# How much should a 6-month old be eating?



## BarbieAnn (Nov 8, 2010)

When I read the cat food labels on canned food most of the brands say that kittens eat twice the amount of adults. Well the adult feeding for a 5 oz. can is like one can a day. I cannot imagine my cat eating double that. Am I correct? My cat who is 6-months and weighs around 6 lbs. eats both dry and wet. She nibbles on dry - I would say about a 1/2 a cup a day and eats about 1/2 can wet per day. I'll give her about a 1/4 can in the AM and she likes to eat it in two meals. Some when I first put it down and leaves some for about 1 hour later. I also give her a meal around 9:30 at night of wet food and leave about 1/4 can - sometimes she eats the whole thing and sometimes she leaves some left over which she will eat first thing in the AM. 

How much roughly does an active 6-month old eat per day? :catmilk


----------



## suwanee (Jan 22, 2011)

Since you are feeding wet and dry, the amount will be roughly half the suggested amount on the labels. The product label is based on using that particular item only.

That said, your cat is between adult and kitten. If (s)he is not ravenous, and is eating about the same amounts daily, you're fine. The exact amount will vary with size and activity level. Go by the label, and weigh the cat weekly. I'm sure others will have more advice here soon.


----------



## Susan (Mar 29, 2010)

How much a cat eats depends on the cat, although the amounts recommended on cat food labels are invariably too much. I'd have to force feed my girls to eat the recommended amount! If your kitten is not leaving a lot of her food on the plate and is not continually looking around for more, then I'd say you're feeding her the right amount. I know that doesn't sound too scientific, but with a kitten, it's likely the best measure.


----------



## yellowdaisies (Jan 25, 2011)

It also depends on the weight of your cat. The cans of food I have say 5.5 oz per 6 lbs, and twice as much for kittens. 

But I agree with Susan - they recommend way more than the cat actually needs.

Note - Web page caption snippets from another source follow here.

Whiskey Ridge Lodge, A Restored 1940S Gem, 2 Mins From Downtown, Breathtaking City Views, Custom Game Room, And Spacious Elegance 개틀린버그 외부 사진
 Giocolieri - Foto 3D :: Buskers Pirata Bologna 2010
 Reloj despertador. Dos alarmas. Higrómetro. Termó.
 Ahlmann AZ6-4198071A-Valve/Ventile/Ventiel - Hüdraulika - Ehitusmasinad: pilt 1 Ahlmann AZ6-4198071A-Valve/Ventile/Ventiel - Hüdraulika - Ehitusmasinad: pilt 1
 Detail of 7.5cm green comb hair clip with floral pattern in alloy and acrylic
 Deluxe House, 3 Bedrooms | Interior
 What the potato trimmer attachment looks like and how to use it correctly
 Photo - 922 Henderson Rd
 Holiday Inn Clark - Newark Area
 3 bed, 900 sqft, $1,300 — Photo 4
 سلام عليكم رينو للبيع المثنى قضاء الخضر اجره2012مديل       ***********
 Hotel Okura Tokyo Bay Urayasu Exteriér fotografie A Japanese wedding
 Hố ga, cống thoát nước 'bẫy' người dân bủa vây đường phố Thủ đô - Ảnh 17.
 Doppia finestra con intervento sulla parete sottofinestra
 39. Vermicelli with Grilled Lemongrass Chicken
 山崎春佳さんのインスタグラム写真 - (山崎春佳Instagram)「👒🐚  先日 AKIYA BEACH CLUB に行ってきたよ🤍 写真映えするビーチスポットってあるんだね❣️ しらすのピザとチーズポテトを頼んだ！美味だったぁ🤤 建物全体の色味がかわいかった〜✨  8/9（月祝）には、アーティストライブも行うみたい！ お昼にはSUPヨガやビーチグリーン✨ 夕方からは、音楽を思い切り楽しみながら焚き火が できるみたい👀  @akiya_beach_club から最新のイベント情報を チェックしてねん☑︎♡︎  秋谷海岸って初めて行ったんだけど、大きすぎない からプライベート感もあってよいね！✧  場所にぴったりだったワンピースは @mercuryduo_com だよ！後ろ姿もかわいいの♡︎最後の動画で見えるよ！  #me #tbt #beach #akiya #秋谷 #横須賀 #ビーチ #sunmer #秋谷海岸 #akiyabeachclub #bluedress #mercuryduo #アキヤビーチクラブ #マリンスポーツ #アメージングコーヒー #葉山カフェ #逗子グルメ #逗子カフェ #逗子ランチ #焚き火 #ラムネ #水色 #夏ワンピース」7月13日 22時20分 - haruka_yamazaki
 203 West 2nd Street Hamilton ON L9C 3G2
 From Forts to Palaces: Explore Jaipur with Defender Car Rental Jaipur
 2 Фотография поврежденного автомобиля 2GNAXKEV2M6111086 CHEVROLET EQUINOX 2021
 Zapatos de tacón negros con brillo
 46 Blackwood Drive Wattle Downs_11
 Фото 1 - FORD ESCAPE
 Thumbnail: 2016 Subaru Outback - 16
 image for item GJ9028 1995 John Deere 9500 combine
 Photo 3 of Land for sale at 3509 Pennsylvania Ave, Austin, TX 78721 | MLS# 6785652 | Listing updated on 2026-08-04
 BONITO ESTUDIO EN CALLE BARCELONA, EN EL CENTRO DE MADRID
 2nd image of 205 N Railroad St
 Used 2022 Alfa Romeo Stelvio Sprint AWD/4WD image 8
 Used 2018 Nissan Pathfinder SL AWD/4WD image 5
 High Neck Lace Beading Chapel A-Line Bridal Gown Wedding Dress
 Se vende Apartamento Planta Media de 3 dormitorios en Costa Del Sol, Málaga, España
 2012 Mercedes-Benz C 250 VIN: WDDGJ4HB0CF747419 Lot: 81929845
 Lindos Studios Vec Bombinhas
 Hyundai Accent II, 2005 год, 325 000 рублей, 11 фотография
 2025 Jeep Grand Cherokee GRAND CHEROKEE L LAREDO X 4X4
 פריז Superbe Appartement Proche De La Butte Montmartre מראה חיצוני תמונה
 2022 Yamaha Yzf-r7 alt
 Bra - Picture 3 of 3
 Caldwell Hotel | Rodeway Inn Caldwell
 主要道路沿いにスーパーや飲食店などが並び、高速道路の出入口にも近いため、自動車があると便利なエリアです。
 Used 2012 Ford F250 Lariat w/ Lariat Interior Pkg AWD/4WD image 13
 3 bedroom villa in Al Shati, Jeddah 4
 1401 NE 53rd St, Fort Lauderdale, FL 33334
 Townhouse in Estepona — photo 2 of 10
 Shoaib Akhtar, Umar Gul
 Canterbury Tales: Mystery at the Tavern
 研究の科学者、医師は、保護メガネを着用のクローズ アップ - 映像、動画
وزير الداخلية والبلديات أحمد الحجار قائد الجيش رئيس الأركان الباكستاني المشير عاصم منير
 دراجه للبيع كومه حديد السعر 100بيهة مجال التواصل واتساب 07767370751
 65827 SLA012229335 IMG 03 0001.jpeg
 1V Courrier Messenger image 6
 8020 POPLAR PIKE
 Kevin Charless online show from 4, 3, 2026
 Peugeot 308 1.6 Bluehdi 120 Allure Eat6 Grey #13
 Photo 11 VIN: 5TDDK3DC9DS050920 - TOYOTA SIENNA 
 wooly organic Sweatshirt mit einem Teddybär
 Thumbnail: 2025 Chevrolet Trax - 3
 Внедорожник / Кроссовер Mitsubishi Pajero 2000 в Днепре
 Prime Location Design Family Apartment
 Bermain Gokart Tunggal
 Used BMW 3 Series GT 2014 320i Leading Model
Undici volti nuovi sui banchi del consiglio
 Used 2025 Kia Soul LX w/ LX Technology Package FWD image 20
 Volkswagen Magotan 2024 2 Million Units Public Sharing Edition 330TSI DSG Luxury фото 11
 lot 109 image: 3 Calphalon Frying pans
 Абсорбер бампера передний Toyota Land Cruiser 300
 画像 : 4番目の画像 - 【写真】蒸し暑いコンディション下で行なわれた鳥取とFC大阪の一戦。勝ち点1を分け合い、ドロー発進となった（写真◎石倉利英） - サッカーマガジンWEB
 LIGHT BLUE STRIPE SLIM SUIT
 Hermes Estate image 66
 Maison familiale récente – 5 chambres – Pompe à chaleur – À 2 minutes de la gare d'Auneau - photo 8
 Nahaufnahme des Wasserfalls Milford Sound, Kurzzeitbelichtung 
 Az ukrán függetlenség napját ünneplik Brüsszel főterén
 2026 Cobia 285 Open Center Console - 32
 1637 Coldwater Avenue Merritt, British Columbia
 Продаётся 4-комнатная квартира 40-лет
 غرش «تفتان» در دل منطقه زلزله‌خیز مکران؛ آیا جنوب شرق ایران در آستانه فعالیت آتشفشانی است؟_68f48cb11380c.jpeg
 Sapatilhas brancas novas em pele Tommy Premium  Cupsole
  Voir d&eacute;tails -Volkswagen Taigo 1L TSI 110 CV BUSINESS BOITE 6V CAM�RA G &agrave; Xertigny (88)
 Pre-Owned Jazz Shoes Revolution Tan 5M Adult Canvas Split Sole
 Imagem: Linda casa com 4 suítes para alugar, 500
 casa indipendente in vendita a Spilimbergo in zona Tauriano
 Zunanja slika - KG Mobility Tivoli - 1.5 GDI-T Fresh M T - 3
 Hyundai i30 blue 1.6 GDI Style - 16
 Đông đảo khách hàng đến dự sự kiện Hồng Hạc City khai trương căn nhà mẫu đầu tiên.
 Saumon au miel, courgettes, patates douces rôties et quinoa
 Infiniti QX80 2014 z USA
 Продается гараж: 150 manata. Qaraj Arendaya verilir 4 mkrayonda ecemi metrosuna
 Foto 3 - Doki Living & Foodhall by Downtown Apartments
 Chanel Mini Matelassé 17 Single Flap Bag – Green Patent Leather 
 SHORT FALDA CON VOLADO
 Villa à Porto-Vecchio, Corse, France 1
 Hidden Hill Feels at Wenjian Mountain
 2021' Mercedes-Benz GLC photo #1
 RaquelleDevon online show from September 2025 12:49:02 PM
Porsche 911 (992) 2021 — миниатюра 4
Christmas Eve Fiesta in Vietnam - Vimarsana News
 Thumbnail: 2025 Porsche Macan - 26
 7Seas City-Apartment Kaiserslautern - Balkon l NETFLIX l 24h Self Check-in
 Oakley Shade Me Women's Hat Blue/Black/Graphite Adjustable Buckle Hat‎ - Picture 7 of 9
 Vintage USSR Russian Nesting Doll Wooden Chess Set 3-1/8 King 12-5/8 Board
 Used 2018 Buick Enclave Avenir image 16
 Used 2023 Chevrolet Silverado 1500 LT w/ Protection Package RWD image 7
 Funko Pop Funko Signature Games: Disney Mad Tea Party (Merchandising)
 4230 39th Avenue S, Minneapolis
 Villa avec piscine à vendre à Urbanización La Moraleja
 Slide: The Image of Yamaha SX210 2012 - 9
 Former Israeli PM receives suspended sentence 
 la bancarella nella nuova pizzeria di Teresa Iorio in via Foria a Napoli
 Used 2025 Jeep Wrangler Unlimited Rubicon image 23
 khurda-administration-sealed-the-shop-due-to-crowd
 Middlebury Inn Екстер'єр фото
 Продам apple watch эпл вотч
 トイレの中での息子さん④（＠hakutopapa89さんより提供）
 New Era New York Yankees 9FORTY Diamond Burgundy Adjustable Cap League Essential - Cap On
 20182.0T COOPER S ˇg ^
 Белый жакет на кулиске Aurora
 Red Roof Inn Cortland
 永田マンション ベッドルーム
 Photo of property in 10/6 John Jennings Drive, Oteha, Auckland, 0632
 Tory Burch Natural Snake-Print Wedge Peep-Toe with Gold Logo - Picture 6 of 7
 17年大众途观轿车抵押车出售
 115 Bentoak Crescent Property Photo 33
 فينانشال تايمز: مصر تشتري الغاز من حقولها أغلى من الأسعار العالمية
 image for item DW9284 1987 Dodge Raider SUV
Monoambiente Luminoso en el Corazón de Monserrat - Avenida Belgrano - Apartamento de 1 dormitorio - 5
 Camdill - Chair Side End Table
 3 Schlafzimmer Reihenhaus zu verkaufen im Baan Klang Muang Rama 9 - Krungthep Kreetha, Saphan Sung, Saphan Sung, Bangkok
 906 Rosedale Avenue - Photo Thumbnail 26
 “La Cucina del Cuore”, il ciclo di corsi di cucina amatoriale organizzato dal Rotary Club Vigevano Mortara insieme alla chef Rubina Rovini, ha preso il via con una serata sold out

My kittens are 7 months old, and we feed them a combination of wet and dry...they actually eat roughly the same amount as your kitten (1/2 can wet, 1/2 cup dry) more or less...For awhile we were feeding them a whole can of wet per day with just a dry snack, but that was getting REALLY expensive, because we feed them premium canned food. Now we're trying 3/4 of a can a day, with about 1/4 cup of dry...ish. Spencer usually wants more than that (he's 2 lbs heavier than Lily), though Lily is fine with it.


----------